Indirect finance to SSI shall include finance to any person providing inputs to or marketing
the output of artisans, village and cottage industries, hand-looms and to cooperatives of
producers in this sector.

(iii) Small Business / Service Enterprises: shall include small business, retail trade,
professional & self-employed persons, small road & water transport operators and other
service enterprises as per the definition given in Section I and other enterprises that are
engaged in providing or rendering of services, and whose investment in equipment does
not exceed the amount specified in Section I, appended.

(iv) Micro Credit : Provision of credit and other financial services and products of very small
amounts not exceeding Rs. 50,000 per borrower to the poor in rural, semi-urban and urban
areas, either directly or through a group mechanism, for enabling them to improve their
living standards, will constitute micro credit.

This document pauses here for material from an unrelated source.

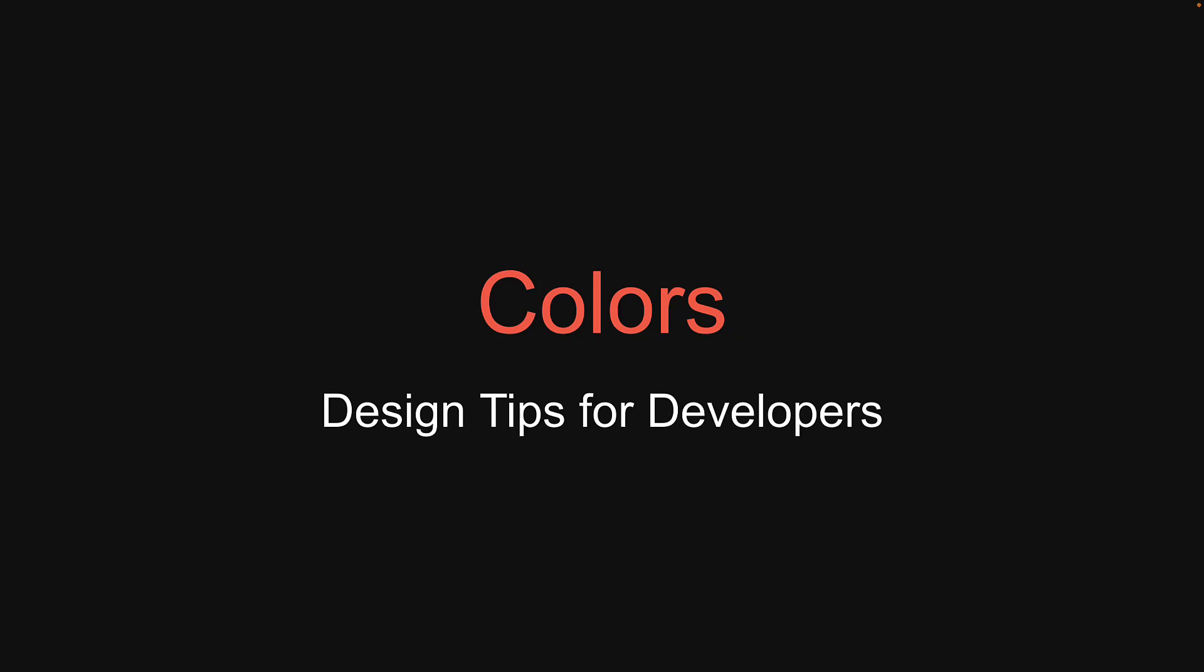Alright, for the final video in this mini-series on design tips for developers, let's talk about colors. Colors is a topic where you need a little more UI UX knowledge compared to the other topics. Having said that, I want to point out a few tips you can keep in mind for your next application.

(v) Education loans: Education loans include loans and advances granted to only individuals
for educational purposes up to Rs. 10 lakh for studies in India and Rs. 20 lakh for studies
abroad, and do not include those granted to institutions;

(vi) Housing loans: Loans up to Rs. 35 lakh in metropolitan cities where population is above 10 lakh and Rs. 25 Lakh at other center s for construction/purchase of a dwelling unit per family provided total cost of the unit in metropolitan centres and at other centres does not exceed Rs. 45 Lacs and Rs. 30 Lacs respectively.
(excluding loans granted by banks to their own employees) and loans given for repairs to
the damaged houses of individuals up to Rs.5 lakh in metropolitan centres and Rs. 2 Lakh at other centres.

(2) Investments by banks in securitised assets, representing loans to agriculture (direct or indirect),
small scale industries (direct or indirect) and housing, shall be eligible for classification under respective
categories of priority sector (direct or indirect) depending on the underlying assets, provided the
securitised assets are originated by banks and financial institutions and fulfill the Reserve Bank of India
guidelines on securitisation.
(3) Under Weaker Sections :
Priority sector loans to the following borrowers are considered under Weaker Sections category:-

(a) Small and marginal farmers;

(b) Artisans, village and cottage industries where individual credit limits do not exceed Rs 1 Lakh;

(c) Beneficiaries of Swarnajayanti Gram Swarozgar Yojana (SGSY), now National Rural Livelihood Mission (NRLM);

(d) Scheduled Castes and Scheduled Tribes;

(e) Beneficiaries of Differential Rate of Interest (DRI) scheme;

(f) Beneficiaries under Swarna Jayanti Shahari Rozgar Yojana (SJSRY);

(g) Beneficiaries under the Scheme for Rehabilitation of Manual Scavengers (SRMS);

(h) Loans to Self Help Groups;

(i) Loans to distressed farmers indebted to non-institutional lenders;

(j) Loans to distressed persons other than farmers not exceeding Rs 1 Lakh per borrower to prepay their debt to non-institutional lenders;

(k) Loans to individual women beneficiaries up to Rs 1 Lakh per borrower.
(L) also called or known as priority sector advancement (PSA);

(m) Account holders under Pradhan Mantri Jan Dhan Yojana (PMJDY)

(vii) Renewable energy sector has also been added to priority sector lending in the year 2015.